Nice! Thanks for the info, @funderburkjim .

gasyoun commented 7 years ago

@funderburkjim yeah, let's ask Thomas. In 2006 he was against. But time have changed.

damooo commented 7 years ago

sorry for late, every dictionary of dsal doesn't fallow same pattern, hense i don't have any script. but every dict can be scraped with this common procedure.
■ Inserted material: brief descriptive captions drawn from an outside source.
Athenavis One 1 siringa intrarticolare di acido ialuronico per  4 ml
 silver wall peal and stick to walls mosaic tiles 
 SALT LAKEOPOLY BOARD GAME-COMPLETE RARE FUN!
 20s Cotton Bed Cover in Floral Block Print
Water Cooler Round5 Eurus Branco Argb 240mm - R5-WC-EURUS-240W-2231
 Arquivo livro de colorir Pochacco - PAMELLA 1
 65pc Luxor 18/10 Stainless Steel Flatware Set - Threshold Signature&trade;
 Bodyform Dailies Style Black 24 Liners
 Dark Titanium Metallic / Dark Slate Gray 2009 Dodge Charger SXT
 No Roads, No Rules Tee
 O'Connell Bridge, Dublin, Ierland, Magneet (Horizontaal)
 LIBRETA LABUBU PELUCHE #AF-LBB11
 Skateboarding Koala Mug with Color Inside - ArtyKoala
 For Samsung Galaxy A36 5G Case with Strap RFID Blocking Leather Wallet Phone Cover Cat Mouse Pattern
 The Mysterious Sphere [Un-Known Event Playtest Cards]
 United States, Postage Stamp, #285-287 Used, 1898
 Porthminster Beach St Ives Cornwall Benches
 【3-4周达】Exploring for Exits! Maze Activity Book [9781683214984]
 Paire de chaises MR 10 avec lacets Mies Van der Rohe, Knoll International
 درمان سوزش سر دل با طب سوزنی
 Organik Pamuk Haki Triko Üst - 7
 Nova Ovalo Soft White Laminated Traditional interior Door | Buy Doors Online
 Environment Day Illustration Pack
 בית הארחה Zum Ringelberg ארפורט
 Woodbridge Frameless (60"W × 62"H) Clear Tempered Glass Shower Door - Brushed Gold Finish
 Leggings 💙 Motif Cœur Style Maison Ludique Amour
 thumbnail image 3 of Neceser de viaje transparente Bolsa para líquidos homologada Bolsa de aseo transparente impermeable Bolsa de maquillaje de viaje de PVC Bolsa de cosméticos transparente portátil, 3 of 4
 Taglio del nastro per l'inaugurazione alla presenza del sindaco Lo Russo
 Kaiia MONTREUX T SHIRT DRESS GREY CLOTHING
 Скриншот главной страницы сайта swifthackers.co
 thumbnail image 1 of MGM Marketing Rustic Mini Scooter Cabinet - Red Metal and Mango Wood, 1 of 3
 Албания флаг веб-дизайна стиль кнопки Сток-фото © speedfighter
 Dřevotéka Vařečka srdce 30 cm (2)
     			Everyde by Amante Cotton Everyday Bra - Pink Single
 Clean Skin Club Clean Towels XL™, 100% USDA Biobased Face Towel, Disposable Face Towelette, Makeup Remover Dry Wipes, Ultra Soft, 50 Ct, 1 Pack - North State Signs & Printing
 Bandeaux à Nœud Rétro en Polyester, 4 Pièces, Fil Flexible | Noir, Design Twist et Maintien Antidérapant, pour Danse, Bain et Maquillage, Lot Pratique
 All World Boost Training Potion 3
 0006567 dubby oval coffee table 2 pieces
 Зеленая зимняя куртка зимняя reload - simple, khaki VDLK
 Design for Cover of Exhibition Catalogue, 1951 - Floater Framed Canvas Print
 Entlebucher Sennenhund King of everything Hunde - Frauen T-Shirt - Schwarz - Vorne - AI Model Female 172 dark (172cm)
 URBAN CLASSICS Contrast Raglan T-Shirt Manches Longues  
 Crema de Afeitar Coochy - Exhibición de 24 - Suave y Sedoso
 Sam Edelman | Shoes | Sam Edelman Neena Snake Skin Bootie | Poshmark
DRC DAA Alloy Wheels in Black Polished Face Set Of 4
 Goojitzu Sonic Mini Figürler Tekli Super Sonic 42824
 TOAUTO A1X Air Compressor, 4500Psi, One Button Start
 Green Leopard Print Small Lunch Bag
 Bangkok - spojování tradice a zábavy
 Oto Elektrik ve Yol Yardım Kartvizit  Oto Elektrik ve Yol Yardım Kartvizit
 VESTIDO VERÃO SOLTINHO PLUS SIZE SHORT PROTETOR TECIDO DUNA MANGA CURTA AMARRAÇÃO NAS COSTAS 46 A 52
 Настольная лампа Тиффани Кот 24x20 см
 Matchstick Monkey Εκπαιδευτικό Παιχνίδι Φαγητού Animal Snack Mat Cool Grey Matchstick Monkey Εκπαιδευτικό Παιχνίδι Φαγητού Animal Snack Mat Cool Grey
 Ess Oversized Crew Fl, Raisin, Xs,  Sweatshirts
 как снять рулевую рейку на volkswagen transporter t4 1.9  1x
goto this dictionary list page http://dsal.uchicago.edu/dictionaries/list.html , and then select a dictionary, and go to it's home page. like http://dsal.uchicago.edu/dictionaries/fabricius/ is one tamil-english dict i use here as example.
in it's home page, enter a search word which you know surely exists in that dictionary as headword. or just enter example entry they gave after search box. and search. i searched அகத்தியன் in that dict page. and result page is http://dsalsrv02.uchicago.edu/cgi-bin/app/fabricius_query.py?qs=%E0%AE%85%E0%AE%95%E0%AE%A4%E0%AF%8D%E0%AE%A4%E0%AE%BF%E0%AE%AF%E0%AE%A9%E0%AF%8D
in results page, there will be a result word, and besides that 'a page number hyperlink' which it resides in. click on that page number hyperlink. that 'dictionary page' hyperlinks for above dict are in format of http://dsalsrv02.uchicago.edu/cgi-bin/app/fabricius_query.py?page=2 . it will open a page of that dictionary, and it contains all words in that dictionary. and links to next page, previous pages also will be there. So if we scrape all these pages, we can get all words. but those results are not "formatted,structured' . and hence lacks all possibilities.
So now again, we can see 'main head words' in above 'dictionary page' are again hyperlinked to their own 'webpage'. and if we click on any of headword hyperlinks, we will goto it's 'webpage', the 'webpage' of individual headwords are in above 'dictionary page' are in format of http://dsalsrv02.uchicago.edu/cgi-bin/app/fabricius_query.py?qs=அகத்தியன்&searchhws=yes and there the description is 'formatted,structured' unlike in 'dictionary page'.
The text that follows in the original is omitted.